Personal information
- Full name: Lars Robert Lyssand
- Date of birth: December 29, 1979 (age 46)
- Place of birth: Redwood City, California, U.S.
- Height: 6 ft 0 in (1.83 m)
- Positions: Defender; midfielder;

Youth career
- 1998–2001: San Jose State Spartans

Senior career*
- Years: Team / Apps / (Gls)
- 2003–2004: Syracuse Salty Dogs / 55 / (7)
- 2005–2006: Montreal Impact / 53 / (2)
- 2007: Puerto Rico Islanders / 15 / (0)
- Total:  / 123 / (9)

= Lars Lyssand =

American soccer player

Lars Lyssand is an American retired soccer player who played professionally in the USL First Division.

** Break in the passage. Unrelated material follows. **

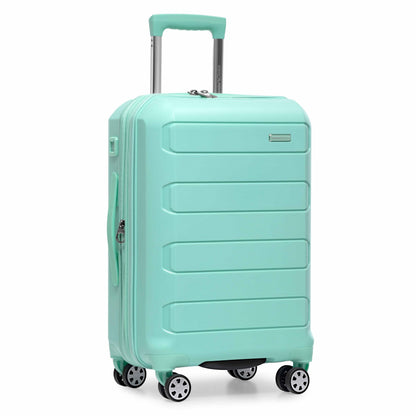 Traveler's Choice Pagosa Hardshell Expandable Luggage with Spinner Wheels, Slate Blue, 3-Piece Set (22/27/30)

Born to a Norwegian immigrant father and a Swedish immigrant mother, Lyssand grew up in Northern California. He graduated from Woodside High School where he was a three-sport athlete – soccer, football and baseball. Lyssand attended San Jose State University, playing on the men's soccer team from 1998 to 2001, and was the 2001 Mountain Pacific Sports Federation Player of the Year. In February 2002, the San Jose Earthquakes selected Lyssand with the last pick (70th overall) of the 2002 MLS SuperDraft. Although he appeared as a guest player in an August 2002 game against America, Lyssand never played for the Earthquakes during the MLS season. In 2003, he signed with the Syracuse Salty Dogs of the USL A-League. The Salty Dogs ceased operations following the 2004 season. In March 2005, Lyssand signed a two-year contract with the Montreal Impact where he was a two-year starter. In 2007, Lyssand did not report to the Impact, refusing to play for them. On June 14, 2007, the Impact traded Lyssand to the Puerto Rico Islanders in exchange for Alen Marcina. Lyssand finished the season with the Islanders then retired from professional soccer.